Adding overlapping subnets in fabric breaks deployments
Affects | Status | Importance | Assigned to | Milestone | |
---|---|---|---|---|---|
MAAS |
Triaged
|
Medium
|
Unassigned | ||
MAAS documentation |
Fix Released
|
High
|
Bill Wear |
Bug Description
Here is how to reproduce the issue:
1) MAAS 3.1 Snap with an existing 10.1.8.0/22 subnet configured + DHCP Provided by MAAS. Currently installed version on all region and rack controllers is 3.1.0-10901-
2) Performed a test commissioning and deployment prior to the experiment. Everything worked.
3) Added a new subnet 10.1.10.0/24 via WebUI to fabric-0 which already includes an existing overlapping subnet 10.1.8.0/22. MAAS did not stop me from adding the overlapping network.

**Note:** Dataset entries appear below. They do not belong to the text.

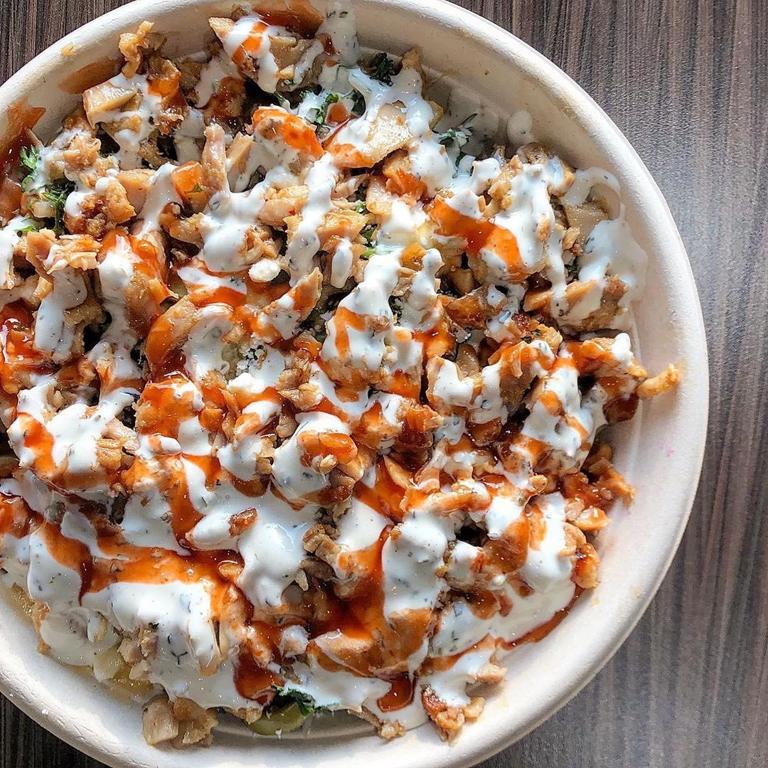 pita-land-shawarma-midland-7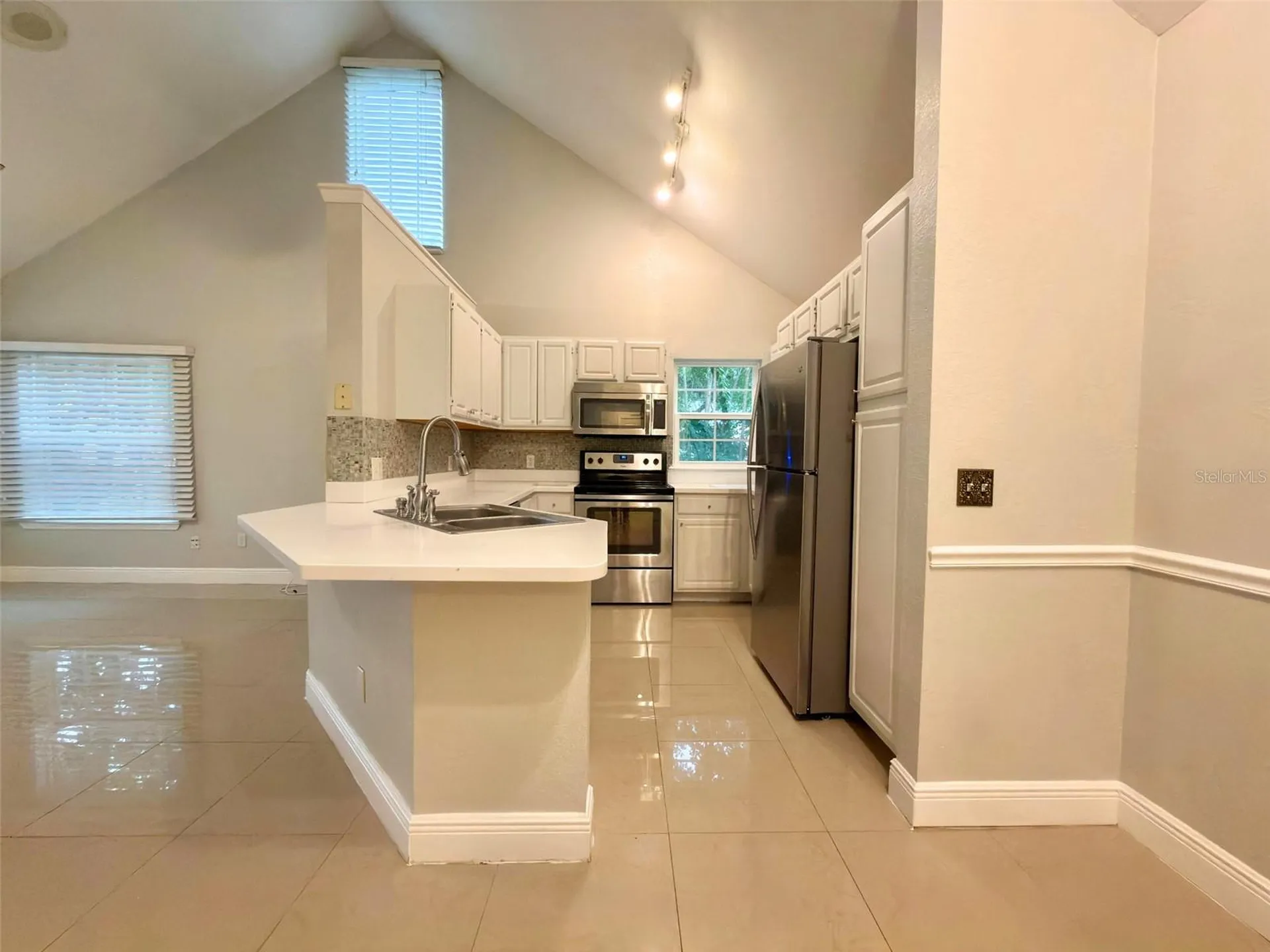 3420 Greenwich Village Boulevard Orlando FL 32835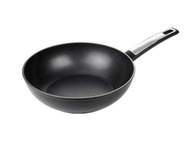 TESCOMA IPREMIUM PANvica WOK 28 cm TEFLÓNOVÁ INDUKČNÁ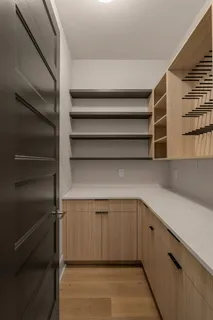 $1,699,900 | 2308 Riverside Drive, Nashville, TN 37216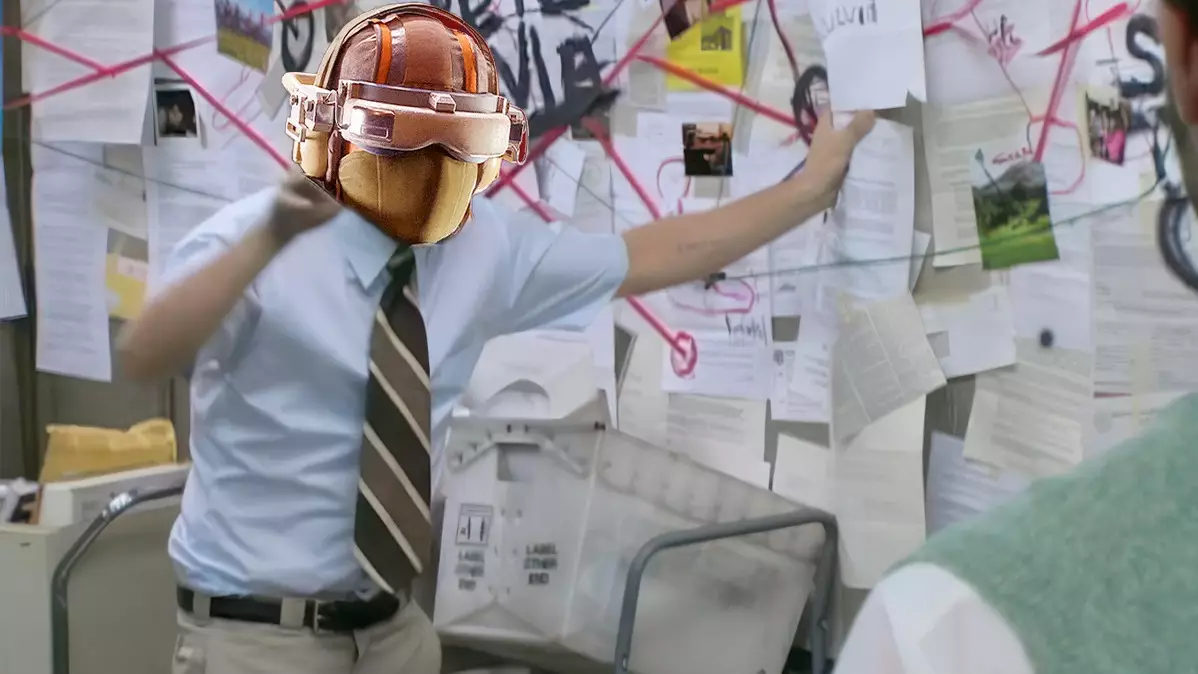 Arc Raiders and The Finals Are Connected, Players Finally Have Proof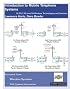 Introduction to Mobile Telephone Systems, 1G, 2G, 2.5G, and 3G Technologies and Services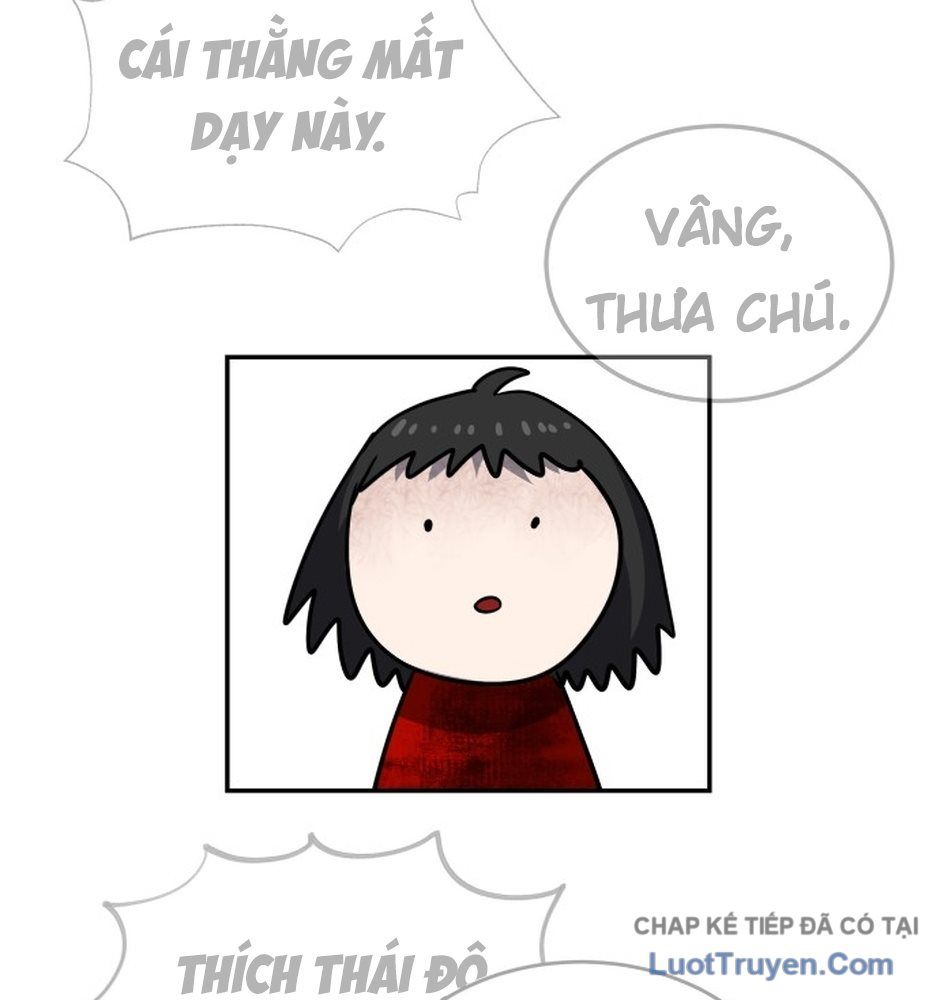 Chớ Bước Vào Nhà Hoang! Chapter 54 - Trang 2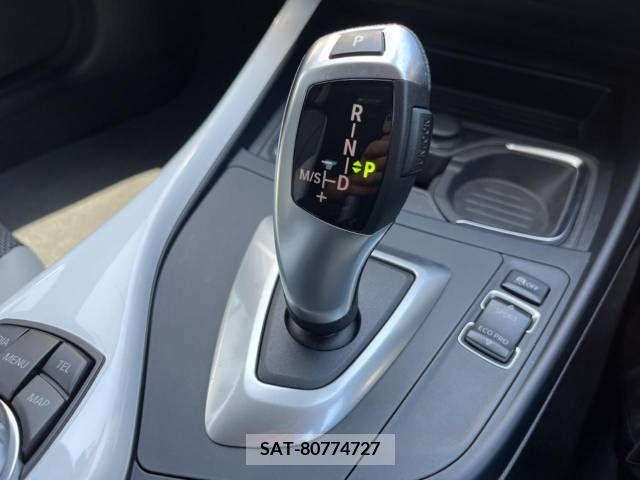 Bmw 1 SERIES 2015-12 293170-11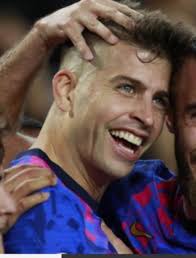 Angel Rodriguez Prada (@AngelRo15537073)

4) Tested deploying an already commissioned machine:
- Edited the network interface and put it under the 10.1.10.0/24 as well as 10.1.8.0/22 subnets.
- Tried DHCP and static IP addresses.
- Tried Focal (20.04) and Groovy (20.10)
- In all scenarios the machine performed PXE boot then went into a boot loop causing the deployments to fail.
5) Removed the overlapping subnet and re-tested deployments, they still failed.
6) Rebooted all region (2) and rack (2) controllers.
7) Tested deployments again and they started working again.
Suggested Solution: Do not allow user to add overlapping subnets. This should be possible by implementing some sort of validation upon creating subnets.
Changed in maas-offline-docs: | |
status: | Triaged → Fix Committed |
status: | Fix Committed → Fix Released |
summary: |
- [3.1] Adding overlapping subnets in fabric breaks deployments + Adding overlapping subnets in fabric breaks deployments |
Triaging because I have already seen this weirdness. Subnets aren't intended to overlap. The IP range of one subnet should be unique compared to every other subnet on the same segment. This is mainly because routers can't reliably determine which subnet should get a packet destined for one of the overlapping addresses. That might be what's gumming up the rack controller in this instance, dunno.
That said, I'm not sure if MAAS should prevent you from doing it, that is, I'm not sure if it's a doc/troubleshooting bug or a code bug. Either way, we should talk about it.